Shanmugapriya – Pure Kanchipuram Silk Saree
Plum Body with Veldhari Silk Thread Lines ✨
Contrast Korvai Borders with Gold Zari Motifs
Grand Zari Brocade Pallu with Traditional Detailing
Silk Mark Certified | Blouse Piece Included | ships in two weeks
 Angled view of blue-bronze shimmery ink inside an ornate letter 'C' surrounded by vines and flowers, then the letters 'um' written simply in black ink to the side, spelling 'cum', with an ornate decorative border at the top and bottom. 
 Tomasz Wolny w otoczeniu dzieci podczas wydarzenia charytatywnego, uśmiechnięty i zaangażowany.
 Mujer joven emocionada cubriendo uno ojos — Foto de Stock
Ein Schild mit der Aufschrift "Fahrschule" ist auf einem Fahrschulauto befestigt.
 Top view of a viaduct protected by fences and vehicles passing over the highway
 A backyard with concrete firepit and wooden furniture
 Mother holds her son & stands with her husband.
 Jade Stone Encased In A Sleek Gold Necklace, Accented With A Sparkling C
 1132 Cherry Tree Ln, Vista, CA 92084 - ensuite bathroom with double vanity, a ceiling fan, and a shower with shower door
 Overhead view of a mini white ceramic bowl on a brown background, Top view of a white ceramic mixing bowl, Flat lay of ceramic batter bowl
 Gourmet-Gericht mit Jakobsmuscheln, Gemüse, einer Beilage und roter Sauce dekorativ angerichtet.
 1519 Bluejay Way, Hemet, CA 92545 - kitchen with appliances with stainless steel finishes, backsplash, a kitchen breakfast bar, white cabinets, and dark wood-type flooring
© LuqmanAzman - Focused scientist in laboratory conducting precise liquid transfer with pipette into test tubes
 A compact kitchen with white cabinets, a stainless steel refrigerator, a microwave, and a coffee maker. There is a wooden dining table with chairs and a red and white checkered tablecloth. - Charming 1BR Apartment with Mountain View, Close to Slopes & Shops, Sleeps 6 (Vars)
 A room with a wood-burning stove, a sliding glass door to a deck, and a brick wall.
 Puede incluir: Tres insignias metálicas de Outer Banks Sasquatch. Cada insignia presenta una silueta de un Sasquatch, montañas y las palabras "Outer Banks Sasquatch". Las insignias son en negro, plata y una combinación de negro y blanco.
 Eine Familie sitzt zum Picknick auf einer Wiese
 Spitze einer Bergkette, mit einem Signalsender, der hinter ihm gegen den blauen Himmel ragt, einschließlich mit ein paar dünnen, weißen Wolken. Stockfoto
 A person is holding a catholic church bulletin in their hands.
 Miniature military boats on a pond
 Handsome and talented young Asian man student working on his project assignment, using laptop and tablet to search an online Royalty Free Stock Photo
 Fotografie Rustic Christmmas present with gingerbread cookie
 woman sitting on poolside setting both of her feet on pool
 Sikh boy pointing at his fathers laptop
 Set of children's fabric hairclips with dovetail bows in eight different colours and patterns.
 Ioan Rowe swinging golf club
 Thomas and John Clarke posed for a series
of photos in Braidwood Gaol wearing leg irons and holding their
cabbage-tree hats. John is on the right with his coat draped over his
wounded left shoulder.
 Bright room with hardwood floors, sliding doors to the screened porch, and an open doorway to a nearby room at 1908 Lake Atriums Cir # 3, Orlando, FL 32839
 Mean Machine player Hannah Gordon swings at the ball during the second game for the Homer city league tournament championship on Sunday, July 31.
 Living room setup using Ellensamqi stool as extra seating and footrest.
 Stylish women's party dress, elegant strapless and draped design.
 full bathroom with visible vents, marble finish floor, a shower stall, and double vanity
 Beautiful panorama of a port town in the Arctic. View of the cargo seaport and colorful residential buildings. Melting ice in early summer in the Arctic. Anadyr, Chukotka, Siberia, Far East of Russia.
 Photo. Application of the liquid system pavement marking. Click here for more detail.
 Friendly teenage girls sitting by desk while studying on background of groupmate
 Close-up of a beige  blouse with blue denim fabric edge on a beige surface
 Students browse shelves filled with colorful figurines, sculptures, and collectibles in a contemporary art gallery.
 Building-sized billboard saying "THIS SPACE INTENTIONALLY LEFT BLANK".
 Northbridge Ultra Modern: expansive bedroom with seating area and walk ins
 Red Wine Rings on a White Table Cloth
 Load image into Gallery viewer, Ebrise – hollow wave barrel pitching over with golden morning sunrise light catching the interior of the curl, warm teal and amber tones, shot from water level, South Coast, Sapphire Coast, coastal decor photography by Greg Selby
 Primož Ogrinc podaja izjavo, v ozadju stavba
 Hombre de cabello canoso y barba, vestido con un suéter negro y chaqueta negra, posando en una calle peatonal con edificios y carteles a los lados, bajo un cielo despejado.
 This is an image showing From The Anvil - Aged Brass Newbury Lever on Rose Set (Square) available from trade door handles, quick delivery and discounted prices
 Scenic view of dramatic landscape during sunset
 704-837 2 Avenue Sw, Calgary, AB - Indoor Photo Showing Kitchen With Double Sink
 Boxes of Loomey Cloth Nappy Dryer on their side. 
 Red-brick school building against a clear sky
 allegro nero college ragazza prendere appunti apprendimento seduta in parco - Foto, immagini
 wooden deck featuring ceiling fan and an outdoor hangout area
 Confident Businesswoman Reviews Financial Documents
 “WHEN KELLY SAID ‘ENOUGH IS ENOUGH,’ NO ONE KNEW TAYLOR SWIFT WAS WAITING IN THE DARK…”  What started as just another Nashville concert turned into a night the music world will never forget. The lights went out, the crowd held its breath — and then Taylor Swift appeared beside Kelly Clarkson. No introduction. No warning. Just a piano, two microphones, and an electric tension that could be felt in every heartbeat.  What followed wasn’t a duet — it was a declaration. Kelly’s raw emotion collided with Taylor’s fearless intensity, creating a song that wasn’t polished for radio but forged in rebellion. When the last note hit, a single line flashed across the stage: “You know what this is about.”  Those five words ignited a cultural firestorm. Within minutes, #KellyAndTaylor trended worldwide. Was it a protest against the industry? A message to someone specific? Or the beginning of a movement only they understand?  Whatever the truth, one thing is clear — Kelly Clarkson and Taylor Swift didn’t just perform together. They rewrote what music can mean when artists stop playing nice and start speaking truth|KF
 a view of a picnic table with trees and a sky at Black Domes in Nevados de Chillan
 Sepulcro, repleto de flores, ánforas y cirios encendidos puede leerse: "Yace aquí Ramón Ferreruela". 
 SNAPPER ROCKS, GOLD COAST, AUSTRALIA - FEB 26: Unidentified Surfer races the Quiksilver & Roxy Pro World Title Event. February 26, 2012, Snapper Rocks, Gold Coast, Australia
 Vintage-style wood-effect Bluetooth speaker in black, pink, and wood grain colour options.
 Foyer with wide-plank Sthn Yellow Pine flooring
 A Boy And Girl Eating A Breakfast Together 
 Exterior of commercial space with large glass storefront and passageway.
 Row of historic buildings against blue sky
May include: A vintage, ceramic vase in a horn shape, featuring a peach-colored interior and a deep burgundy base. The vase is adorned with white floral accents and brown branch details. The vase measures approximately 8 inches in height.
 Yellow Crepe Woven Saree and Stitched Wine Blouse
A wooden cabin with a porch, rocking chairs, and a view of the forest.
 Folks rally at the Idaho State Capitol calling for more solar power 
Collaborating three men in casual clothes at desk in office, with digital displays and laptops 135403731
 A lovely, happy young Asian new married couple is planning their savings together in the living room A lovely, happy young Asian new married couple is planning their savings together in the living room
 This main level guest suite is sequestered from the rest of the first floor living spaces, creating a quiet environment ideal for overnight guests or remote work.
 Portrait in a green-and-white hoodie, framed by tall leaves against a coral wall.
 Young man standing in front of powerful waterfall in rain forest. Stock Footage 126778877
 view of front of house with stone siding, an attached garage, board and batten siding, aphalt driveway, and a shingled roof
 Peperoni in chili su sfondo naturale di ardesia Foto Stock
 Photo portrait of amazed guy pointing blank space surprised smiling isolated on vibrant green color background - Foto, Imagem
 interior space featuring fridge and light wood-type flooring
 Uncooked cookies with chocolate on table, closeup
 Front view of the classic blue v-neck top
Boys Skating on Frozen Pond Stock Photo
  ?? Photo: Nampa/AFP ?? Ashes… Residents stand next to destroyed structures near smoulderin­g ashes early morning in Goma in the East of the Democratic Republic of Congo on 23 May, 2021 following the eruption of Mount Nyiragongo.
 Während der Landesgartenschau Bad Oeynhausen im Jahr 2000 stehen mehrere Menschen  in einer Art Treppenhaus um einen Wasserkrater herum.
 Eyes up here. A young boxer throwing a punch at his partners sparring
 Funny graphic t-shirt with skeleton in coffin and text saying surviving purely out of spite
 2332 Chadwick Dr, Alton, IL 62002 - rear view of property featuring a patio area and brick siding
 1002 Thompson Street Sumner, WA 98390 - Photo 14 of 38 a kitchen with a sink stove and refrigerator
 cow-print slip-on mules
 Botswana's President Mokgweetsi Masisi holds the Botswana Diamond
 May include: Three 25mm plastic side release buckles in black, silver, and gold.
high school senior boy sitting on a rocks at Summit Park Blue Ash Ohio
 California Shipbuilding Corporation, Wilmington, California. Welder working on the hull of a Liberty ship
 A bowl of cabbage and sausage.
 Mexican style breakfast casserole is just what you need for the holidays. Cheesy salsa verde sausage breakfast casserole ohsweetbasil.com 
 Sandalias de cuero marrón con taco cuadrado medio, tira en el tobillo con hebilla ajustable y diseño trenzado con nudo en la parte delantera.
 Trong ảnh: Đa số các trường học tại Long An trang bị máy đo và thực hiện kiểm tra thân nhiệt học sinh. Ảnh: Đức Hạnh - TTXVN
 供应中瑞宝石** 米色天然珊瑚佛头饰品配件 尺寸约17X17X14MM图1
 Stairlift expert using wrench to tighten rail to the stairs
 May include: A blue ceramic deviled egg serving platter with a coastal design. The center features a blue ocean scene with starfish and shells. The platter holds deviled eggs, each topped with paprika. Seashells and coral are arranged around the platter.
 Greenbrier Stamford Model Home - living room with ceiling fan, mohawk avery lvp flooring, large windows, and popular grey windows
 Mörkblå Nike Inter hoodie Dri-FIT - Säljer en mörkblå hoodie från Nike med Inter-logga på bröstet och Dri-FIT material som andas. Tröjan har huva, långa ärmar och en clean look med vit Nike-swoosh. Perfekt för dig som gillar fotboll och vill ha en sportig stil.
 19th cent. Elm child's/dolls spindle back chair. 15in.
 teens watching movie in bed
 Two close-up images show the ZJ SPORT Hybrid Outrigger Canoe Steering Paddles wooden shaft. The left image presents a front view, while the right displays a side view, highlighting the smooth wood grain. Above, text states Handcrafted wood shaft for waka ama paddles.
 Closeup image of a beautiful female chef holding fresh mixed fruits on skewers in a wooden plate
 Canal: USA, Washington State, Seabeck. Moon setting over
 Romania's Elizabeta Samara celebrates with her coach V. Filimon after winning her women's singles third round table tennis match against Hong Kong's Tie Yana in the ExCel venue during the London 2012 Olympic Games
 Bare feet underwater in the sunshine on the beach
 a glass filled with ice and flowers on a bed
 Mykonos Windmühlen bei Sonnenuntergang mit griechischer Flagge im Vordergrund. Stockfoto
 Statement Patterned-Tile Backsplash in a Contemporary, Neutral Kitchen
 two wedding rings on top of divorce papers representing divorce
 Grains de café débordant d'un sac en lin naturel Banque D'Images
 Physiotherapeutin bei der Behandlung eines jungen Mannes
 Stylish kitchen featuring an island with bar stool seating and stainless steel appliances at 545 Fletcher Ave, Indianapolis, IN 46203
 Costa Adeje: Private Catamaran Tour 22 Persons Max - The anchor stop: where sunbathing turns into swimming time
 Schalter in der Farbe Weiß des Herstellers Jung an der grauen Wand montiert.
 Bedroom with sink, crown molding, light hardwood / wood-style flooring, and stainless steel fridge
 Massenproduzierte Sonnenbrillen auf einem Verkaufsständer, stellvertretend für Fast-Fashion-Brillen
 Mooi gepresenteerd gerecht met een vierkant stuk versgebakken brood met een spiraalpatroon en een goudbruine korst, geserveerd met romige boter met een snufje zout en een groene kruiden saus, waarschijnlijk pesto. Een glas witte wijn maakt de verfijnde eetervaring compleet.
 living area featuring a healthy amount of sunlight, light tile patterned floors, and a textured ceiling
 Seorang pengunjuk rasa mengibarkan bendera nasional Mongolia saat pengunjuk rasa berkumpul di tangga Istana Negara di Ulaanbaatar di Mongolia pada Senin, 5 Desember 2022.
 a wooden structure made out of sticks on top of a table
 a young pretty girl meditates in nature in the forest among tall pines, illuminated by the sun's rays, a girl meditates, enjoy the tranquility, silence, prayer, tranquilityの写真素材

● Task item
Please give back, exactly as it stands above, the stretch from the line with "Ein Schild mit" through the line with "Miniature military boats on a pond", and no line outside it.

● Answer below
Ein Schild mit der Aufschrift "Fahrschule" ist auf einem Fahrschulauto befestigt.
 Top view of a viaduct protected by fences and vehicles passing over the highway
 A backyard with concrete firepit and wooden furniture
 Mother holds her son & stands with her husband.
 Jade Stone Encased In A Sleek Gold Necklace, Accented With A Sparkling C
 1132 Cherry Tree Ln, Vista, CA 92084 - ensuite bathroom with double vanity, a ceiling fan, and a shower with shower door
 Overhead view of a mini white ceramic bowl on a brown background, Top view of a white ceramic mixing bowl, Flat lay of ceramic batter bowl
 Gourmet-Gericht mit Jakobsmuscheln, Gemüse, einer Beilage und roter Sauce dekorativ angerichtet.
 1519 Bluejay Way, Hemet, CA 92545 - kitchen with appliances with stainless steel finishes, backsplash, a kitchen breakfast bar, white cabinets, and dark wood-type flooring
© LuqmanAzman - Focused scientist in laboratory conducting precise liquid transfer with pipette into test tubes
 A compact kitchen with white cabinets, a stainless steel refrigerator, a microwave, and a coffee maker. There is a wooden dining table with chairs and a red and white checkered tablecloth. - Charming 1BR Apartment with Mountain View, Close to Slopes & Shops, Sleeps 6 (Vars)
 A room with a wood-burning stove, a sliding glass door to a deck, and a brick wall.
 Puede incluir: Tres insignias metálicas de Outer Banks Sasquatch. Cada insignia presenta una silueta de un Sasquatch, montañas y las palabras "Outer Banks Sasquatch". Las insignias son en negro, plata y una combinación de negro y blanco.
 Eine Familie sitzt zum Picknick auf einer Wiese
 Spitze einer Bergkette, mit einem Signalsender, der hinter ihm gegen den blauen Himmel ragt, einschließlich mit ein paar dünnen, weißen Wolken. Stockfoto
 A person is holding a catholic church bulletin in their hands.
 Miniature military boats on a pond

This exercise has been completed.